Re: French and German (jara: An introduction)
From: | Andreas Johansson <andjo@...> |
Date: | Tuesday, June 10, 2003, 16:25 |
Quoting Henrik Theiling <theiling@...>:
> Hi!
>
> Andreas Johansson <andjo@...> writes:
> > Quoting Nikhil Sinha <nsinha_in@...>:
> >
> > > What are the variations in pronuncuiatiuon like. Can you give
> > > examples.
> >
> > Pronunciations of "Euro" you mean?
> >
> > Loose transcripts follow - I don't want to start a YAEPT!
>
> Can't resist to correct you, though: :-)
> > German ['OYrO]
>
> ['OIRo:\] is the standard, but ['OYRo:\] may exists, too, I don't
> know.
You say? Duden has [Oy] for the relevant diphthong; I've seen [OY] and [O2] in
other dictionaries and textbooks, but never, AFAICR, [OI].

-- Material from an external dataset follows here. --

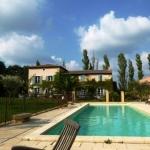 Bastide de 250m� sur 4500m�.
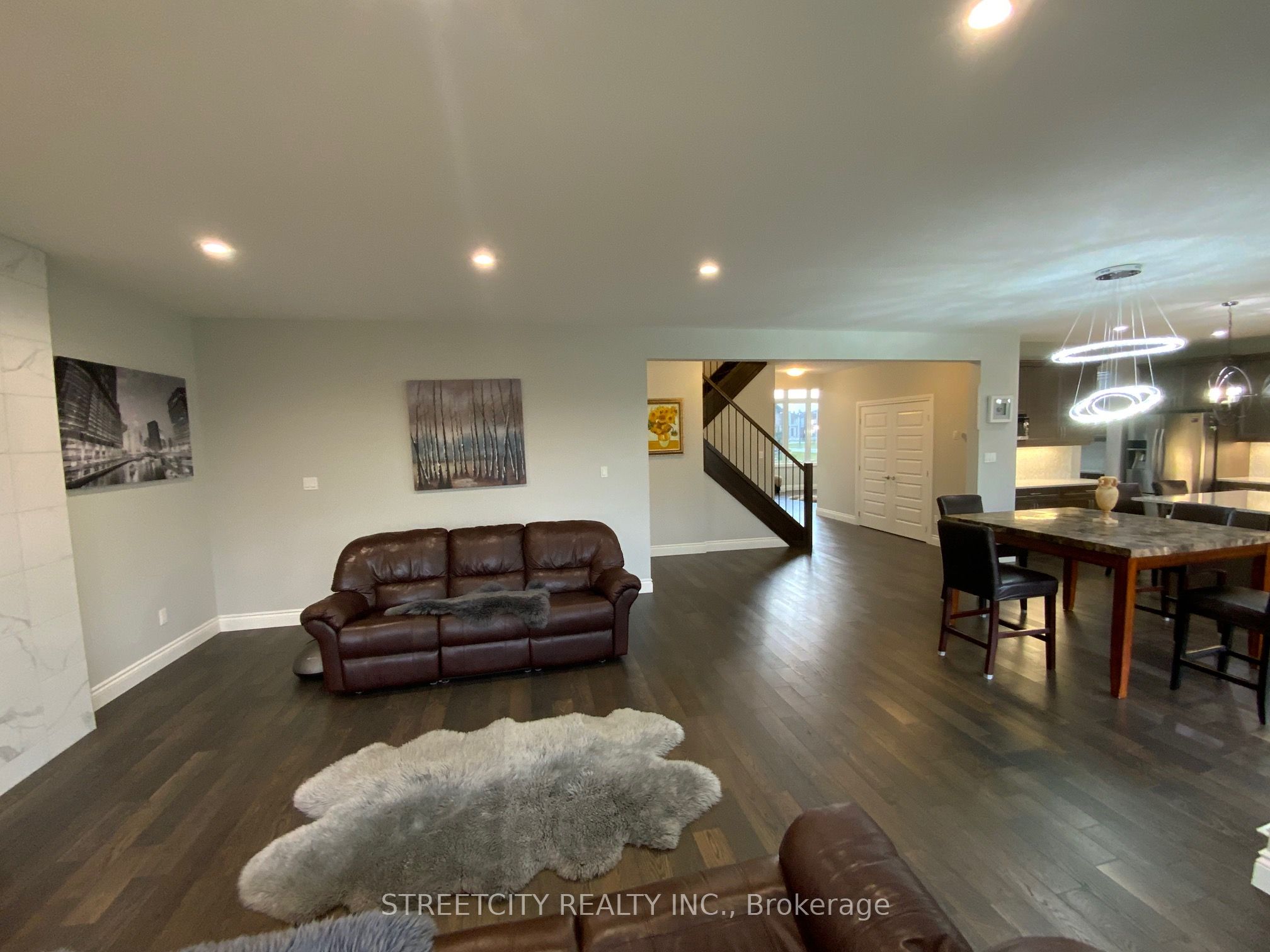 1295 Dyer Crescent Property Photo 13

> And French uses [R\] or maybe also [R] instead of [r] (you used [],
> not //, so let me be picky...:-) ).
According to the way I learnt the IPA, [R\] and [R] may perfectly legitimately
be represented as [r] in loose transcription. Using //s would be quite
pointless when comparing between different languages.